Are you really that tiny? So cute! But I, your mother, am 5' 10", so your dad must've been a real shortarse. An actual midget.


----------



## caflme

wow... guess at 5'0" ... I'm pretty well out of luck.... now it all makes sense.


----------



## drealm

Below me.

If a woman try's being taller than me, she's being disrespectful.


----------



## JayDontCareEh

Really don't care about height.


----------



## laura024

Haha this should be interesting.


----------



## Ambivert

anything below 5'8'' (my height), other than that don't care


----------



## Paul

Maybe it's because I don't have experience, but I can't see why I would prefer any particular height. I guess anything over 7' or under 4' runs a risk of accidentally crushing each other to death...


----------



## sherbert

I would say between 5' 7" and 5' 10" (my height). I could go with a few inches above my height too. 

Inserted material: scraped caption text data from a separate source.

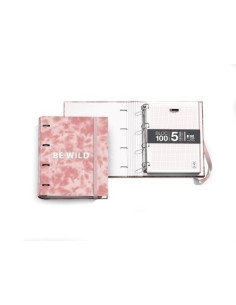 CARPEBLOC MIQUELRIUS ANTIVIRAL TIE DYE CARTON FORRADO A4 4 anMIXTAS 35mm con REC100 hj 90 gr ROSA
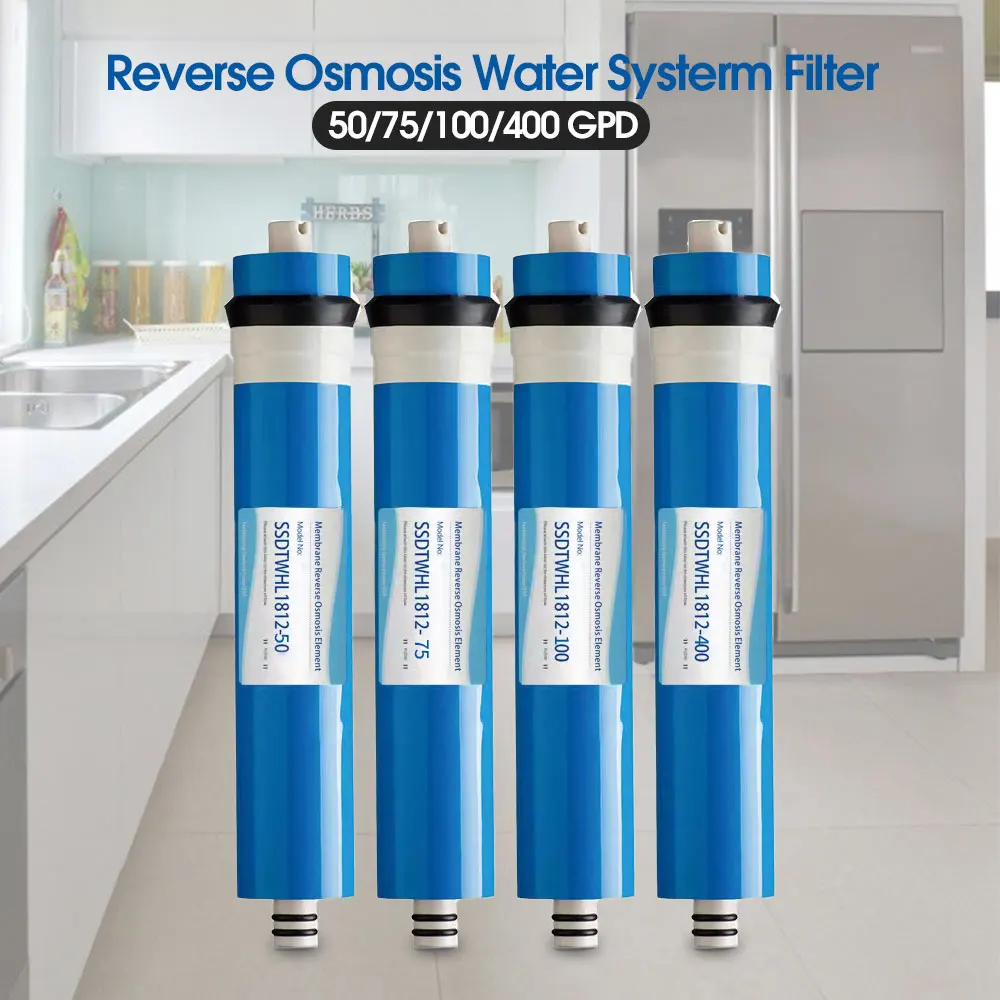 

50 70 100 Home Kitchen RO Membrane Replacement Water System Filter Purifier Water Drinking Treatment Reduce Bacteria
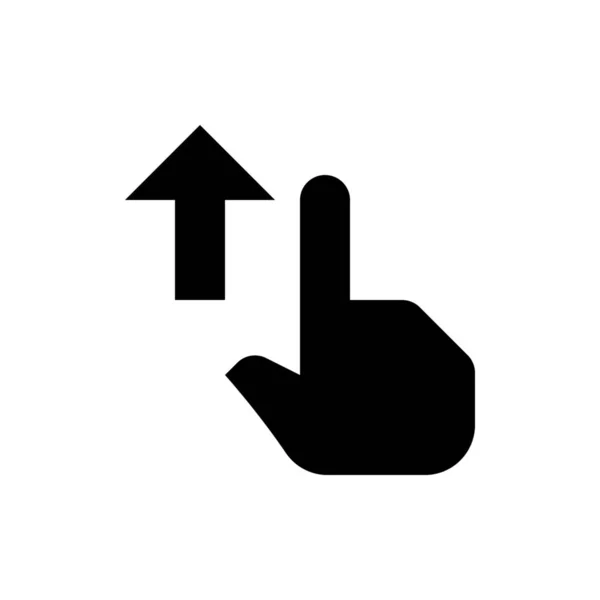 Deslizar hacia arriba icono simple — Archivo Imágenes Vectoriales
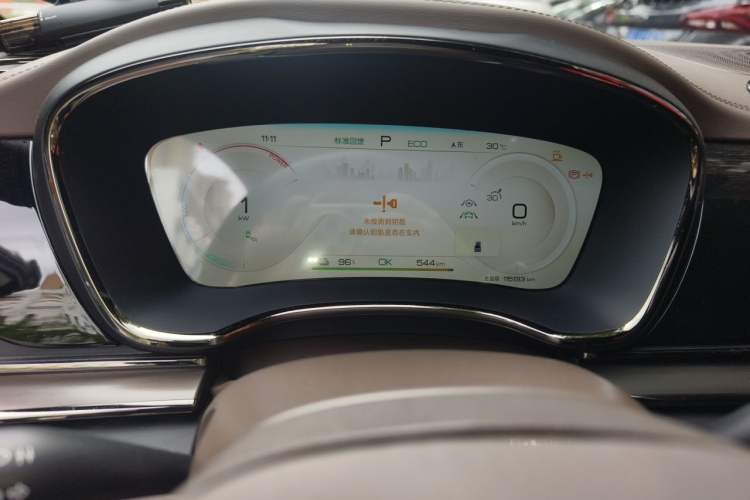 Used BYD Han 2022 EV Genesis Edition 610KM All-Wheel Drive Premium Model Instrument Cluster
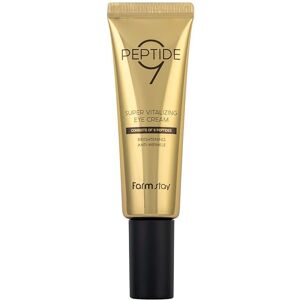 FARMSTAY Peptide9 Super Vitalizing Eye Cream anti-rynke øjencreme med peptider 50ml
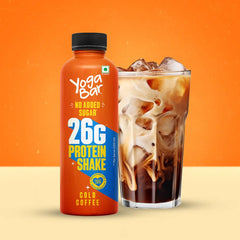 Yoga Bar Protein Shake – Cold Coffee | 26g Protein | 250ml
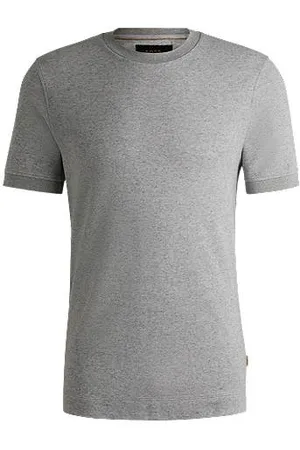 HUGO BOSS T-shirt van katoen en kasjmier met antibacteriële afwerking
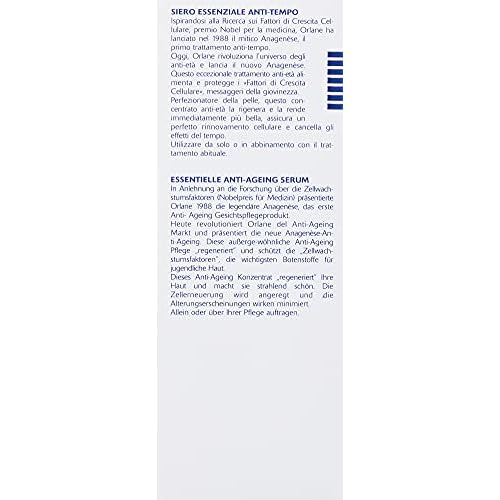 ORLANE PARIS Anagenese Essential Time-Fighting Serum - Smoothing, Illuminating Facial Treatment - Suitable for Mature Skin (30ml)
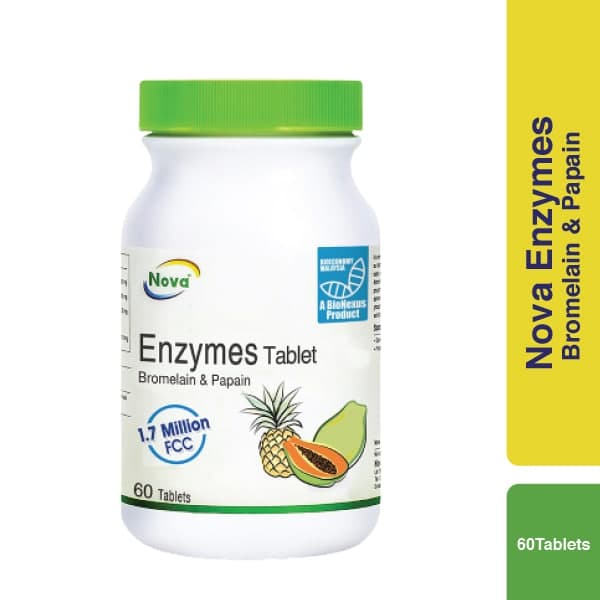 NOVA Fruit Enzymes Tablet (60 Tablets)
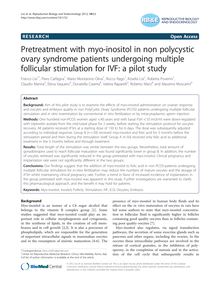 Pretreatment with myo-inositol in non polycystic ovary syndrome patients undergoing multiple follicular stimulation for IVF: a pilot study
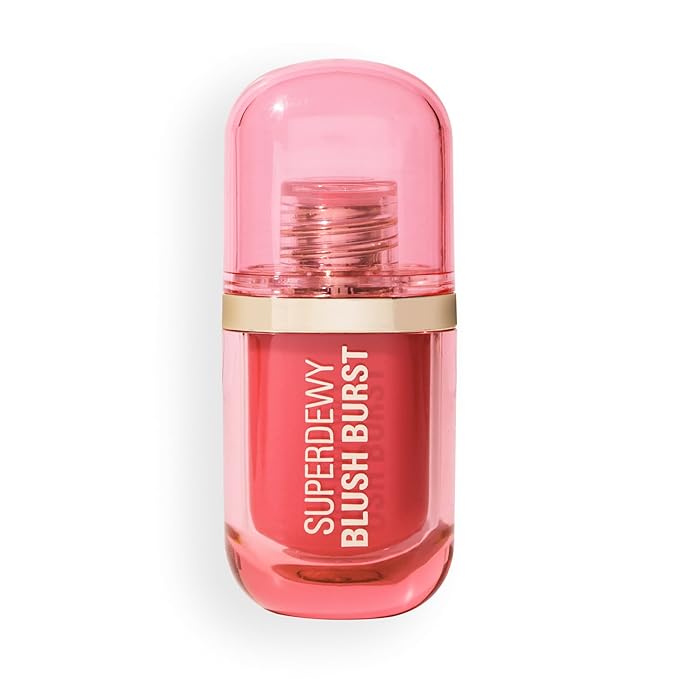 Revolution, Superdewy Liquid Blush Burst, Buildable Color for Cheek, Serum Formula with Peptides & Hyaluronic Acid, Vegan & Cruelty-Free, Watermelon Pop Coral, 0.14 oz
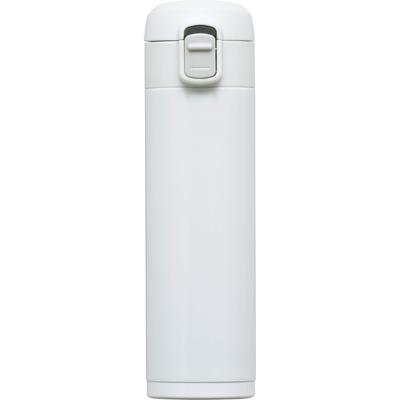 Wahei Freiz Water Mug Vacuum Insulated Heat Cold Omit Bottle, Bottle, 300ml, White, One-Touch Stopper, Antibacterial, Bottle, Retention, Insulation,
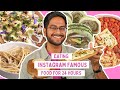 Omg eating only instagram trending dishes for 24 hours  viral food challenge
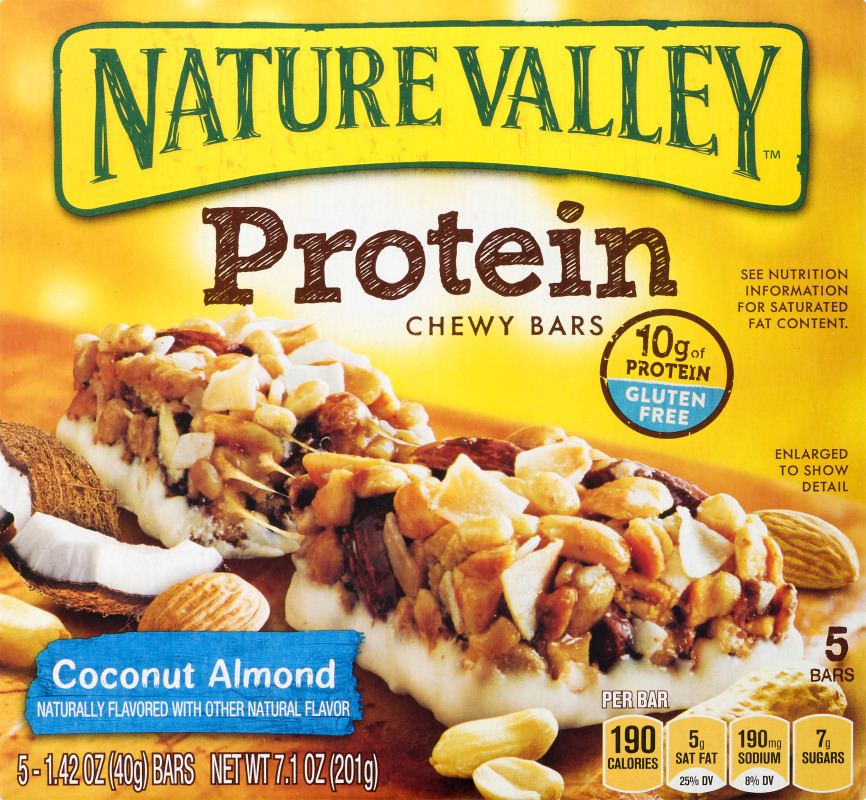 Nature Valley Protein Chewy Bars Coconut Almond - 5 CT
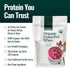 Natural Force Grass Fed Organic Whey Protein Powder - Non GMO, Keto Friendly, Low Carb, Kosher, Pure & Unflavored, 16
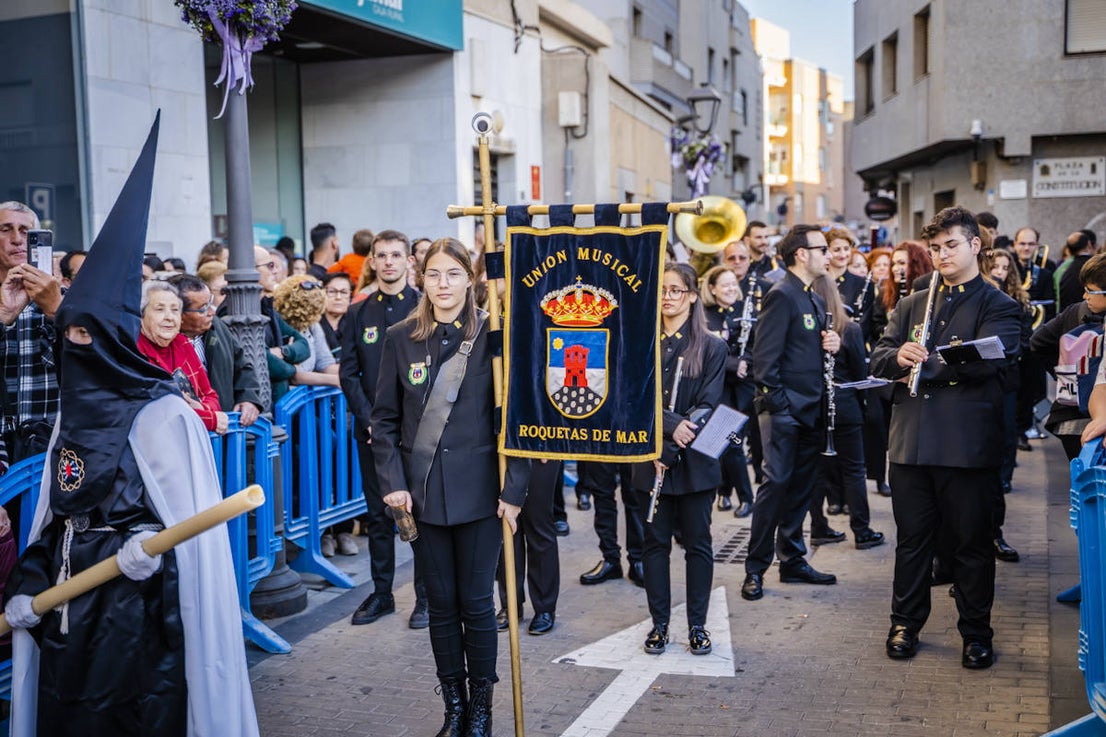 Las imágenes de la procesión del Santo Entierro y María Santísima de los Dolores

The amazonian woman sounds intriguing though. Death by snoo-snoo!:teeth


----------



## STKinTHEmud

I'm 6'1", so between 5'4" and 6'2" works for me, though I'll definitely go gaga for a shorter or taller girl if she's skinny. I chose 5'8". ME WANT SNOO SNOO! Baby, it'll rock your world.


----------



## shadowmask

I don't care as long as she's not towering over me.


----------



## JustJoe

I'm 5'9 so shorter than me.


----------



## Deathinmusic

I prefer shorter than myself, so under 5'8" would be good. But it doesn't really matter as long as she's not way taller than me.


----------



## strawberryjulius

Who was the wonderful person who chose 5'0 and under, hmm? Who has the short fetish? Show yourselves!! :b


----------



## JFmtl

I voted 5'4'', but since i'm 5'6'', the ideal for me would be between 5' ish to 5'6''.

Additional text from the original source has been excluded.